The river forms a natural river transport corridor over 3400 km in length, extending through the Paraná and Paraguay rivers, and allowing continuous navigation between the ports of Argentina, Brazil, Bolivia, Paraguay, and Uruguay. Overlaid on the water flow of the Río de la Plata system is a traffic of at least 102.6 million tons of various goods.
agro-industrial geopolitics, the great engine
In Argentina the total area sown with cereals and other agricultural crops was approximately 33.5 million hectares in 2020. It was projected to reach 34.8 million hectares by 2025, with a 4% increase compared to the previous cycle. This growth is partly explained by the expansion of corn planting, which could reach 7.8 million hectares, the second largest historical surface in the country.

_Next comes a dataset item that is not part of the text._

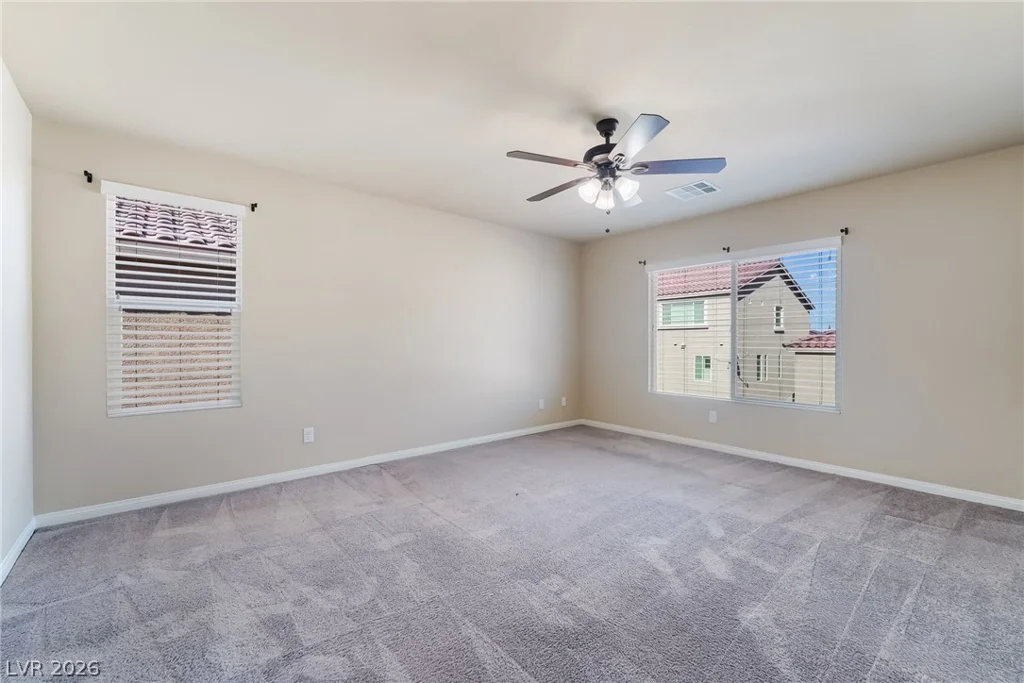 8202 Dover Canyon, Las Vegas, NV 89139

In Brazil the total area sown for cereals, legumes and oilseeds was approximately 79.1 million hectares in 2020. A moderate increase was expected by 2025 with 80.5 million hectares. This represents an increase of 1.8%. This growth is due both to the expansion of cultivated areas and to improvements in productivity.
In Paraguay, the total planted area reached approximately 3.5 million hectares in 2020. A slight increase is projected for 2025 with 3.6 million hectares, a growth of 2.9% compared to the previous cycle, supported by improved yields and efficiency in production, especially of corn and soybeans.

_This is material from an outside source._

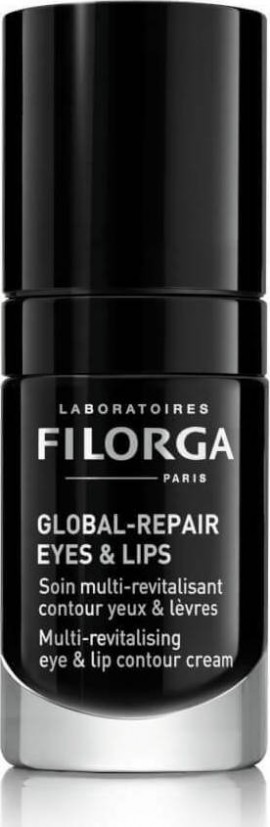 Filorga Global Repair Eyes And Lips 15ml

Latin America is the region with the greatest inequality in land concentration in the world: 1% of rural landowners control 51% of agricultural land. While the region as a whole already has a high Gini coefficient of 0.79, South America maintains the highest concentration on the continent, with an index of 0.85. The expansion of the agricultural frontier, driven primarily by global demand for soy and beef, is the central factor in deepening poverty and inequality in access to land in South American countries, especially in regions identified as priority areas for agribusiness expansion and investment.
Estuary
“The fact that he called the river “Mar Dulce” (Freshwater Sea) shows his descriptive intention, and those who came later, after calling the estuary “the river of Solís” for a time, would eventually reveal their own motives, quite different from those of the discoverer, christening it, in the haste of the utility they attributed to it, the Río de la Plata (River of Silver).“
–Juan José Saer, The River Without Banks (Buenos Aires: Ediciones de la Flor, 1986).

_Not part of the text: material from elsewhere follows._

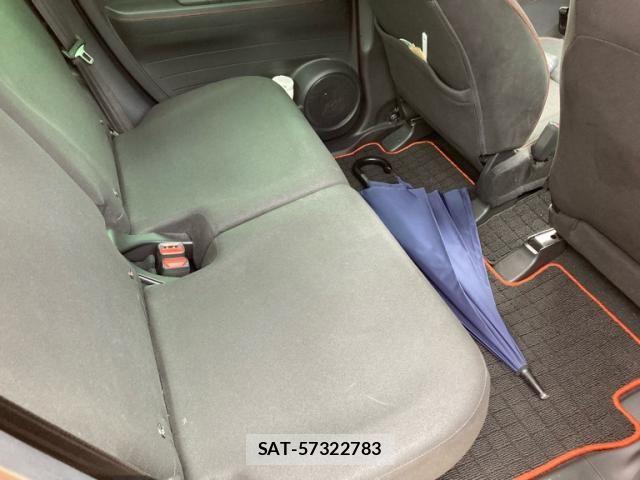 Honda N-ONE 2021-04 7878449-16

The Río de la Plata is an estuary that marks the mouth of the vast Plata Basin, the second largest river in South America, formed by the Paraná, Paraguay, and Uruguay rivers. Its wide mouth, up to 220 km, connects the river basin with the Atlantic Ocean, articulating a transition between the fresh waters of the interior and the sea. Surrounded by the Humid pampas, its influence on the landscape, the economy, and urban settlements is decisive, especially in Buenos Aires and Montevideo. Internationally, it constitutes a strategic space for regional trade and transport, as it links the economies of Argentina, Brazil, Paraguay, Uruguay and Bolivia with world markets.
flow rate and sedimentation
From the very shore of Buenos Aires, one can see the approach of the Paraná Delta, which in the region is called “Tigre” (Tiger) because of the native fauna the Spanish encountered upon their arrival. There, one can observe the dramatic nature of the city’s coastline and its profound geodynamic makeup, the slow sedimentation of the mud that the basin has been carrying from the foothills of the Andes.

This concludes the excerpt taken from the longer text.